# Rear Cardboard Shield for Old Fridge



## Master of Cold (Aug 7, 2011)

It might hurt the resale value 
Otherwise its a non issue. It was there for sound dampening, and to keep hands out.


----------



## hardwareman (Oct 9, 2010)

Master of Cold said:


> It might hurt the resale value
> Otherwise its a non issue. It was there for sound dampening, and to keep hands out.


no it is not there for sound dampening or to keep hadns out. It is to direct the airflow over the compressor and the coil. 

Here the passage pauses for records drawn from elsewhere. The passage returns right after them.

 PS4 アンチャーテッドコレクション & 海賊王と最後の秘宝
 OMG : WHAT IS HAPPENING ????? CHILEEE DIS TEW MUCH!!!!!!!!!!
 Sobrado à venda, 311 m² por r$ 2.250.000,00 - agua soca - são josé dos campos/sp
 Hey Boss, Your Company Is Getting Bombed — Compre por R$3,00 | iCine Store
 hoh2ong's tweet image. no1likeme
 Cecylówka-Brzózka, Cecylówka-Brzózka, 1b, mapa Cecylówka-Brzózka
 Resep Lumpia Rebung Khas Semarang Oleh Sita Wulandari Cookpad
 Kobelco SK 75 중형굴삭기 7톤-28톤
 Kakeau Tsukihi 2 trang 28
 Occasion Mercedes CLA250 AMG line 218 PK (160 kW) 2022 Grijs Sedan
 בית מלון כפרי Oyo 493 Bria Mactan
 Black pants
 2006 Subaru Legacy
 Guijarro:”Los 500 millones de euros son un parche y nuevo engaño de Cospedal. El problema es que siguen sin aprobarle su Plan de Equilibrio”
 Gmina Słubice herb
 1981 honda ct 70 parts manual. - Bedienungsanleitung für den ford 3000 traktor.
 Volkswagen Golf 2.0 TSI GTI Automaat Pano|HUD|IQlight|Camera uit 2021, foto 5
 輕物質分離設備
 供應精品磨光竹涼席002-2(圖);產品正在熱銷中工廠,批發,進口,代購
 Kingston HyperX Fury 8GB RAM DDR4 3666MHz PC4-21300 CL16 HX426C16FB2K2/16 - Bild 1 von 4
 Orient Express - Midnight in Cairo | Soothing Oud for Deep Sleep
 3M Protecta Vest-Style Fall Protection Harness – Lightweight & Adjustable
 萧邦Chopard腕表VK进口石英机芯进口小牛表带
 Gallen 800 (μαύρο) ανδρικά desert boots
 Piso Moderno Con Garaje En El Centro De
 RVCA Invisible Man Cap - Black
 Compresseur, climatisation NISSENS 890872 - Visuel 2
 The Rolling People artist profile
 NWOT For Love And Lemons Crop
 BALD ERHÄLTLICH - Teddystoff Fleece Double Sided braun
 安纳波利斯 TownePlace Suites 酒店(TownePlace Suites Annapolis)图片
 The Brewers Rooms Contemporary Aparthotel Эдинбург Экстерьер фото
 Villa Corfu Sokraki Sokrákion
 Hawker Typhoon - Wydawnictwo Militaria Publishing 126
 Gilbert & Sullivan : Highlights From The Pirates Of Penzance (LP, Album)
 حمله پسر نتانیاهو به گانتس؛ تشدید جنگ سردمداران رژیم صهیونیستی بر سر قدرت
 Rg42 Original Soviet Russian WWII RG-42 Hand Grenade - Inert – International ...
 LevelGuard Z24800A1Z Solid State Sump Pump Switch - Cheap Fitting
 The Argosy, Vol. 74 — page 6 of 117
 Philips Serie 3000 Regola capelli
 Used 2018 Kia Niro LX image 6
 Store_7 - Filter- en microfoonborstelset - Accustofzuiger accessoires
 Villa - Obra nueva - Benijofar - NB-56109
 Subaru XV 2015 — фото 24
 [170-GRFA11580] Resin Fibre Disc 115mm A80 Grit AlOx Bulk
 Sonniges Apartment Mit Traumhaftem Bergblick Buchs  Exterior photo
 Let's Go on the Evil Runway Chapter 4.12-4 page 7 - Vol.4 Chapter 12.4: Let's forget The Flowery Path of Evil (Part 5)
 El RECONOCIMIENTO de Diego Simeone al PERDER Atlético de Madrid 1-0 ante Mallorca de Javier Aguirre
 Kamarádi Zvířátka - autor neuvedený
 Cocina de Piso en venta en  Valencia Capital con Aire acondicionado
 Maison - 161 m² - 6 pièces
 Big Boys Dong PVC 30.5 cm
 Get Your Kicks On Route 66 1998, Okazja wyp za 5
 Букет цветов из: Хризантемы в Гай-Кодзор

Just cut yourself a new piece from a cardboard box and screw it on.


----------



## Master of Cold (Aug 7, 2011)

Oops!
I was on my mobile...didn't see the open condenser.
Don't forget a couple of holes for the air to get out of there...


----------



## teamcampreder (Jul 23, 2011)

So I have a few pieces of pressboard left over from a desk, using those wont run the risk of any kind of fire? The old piece had some heavy insulation on it, and if you look at the first pic, there is a piece of copper tubing that would touch the board.


----------



## Master of Cold (Aug 7, 2011)

Push the copper tube out of the way. Don't kink it, and don't let it touch anything else. You don't want it to vibrate against anything. I don't see an issue with the board.


----------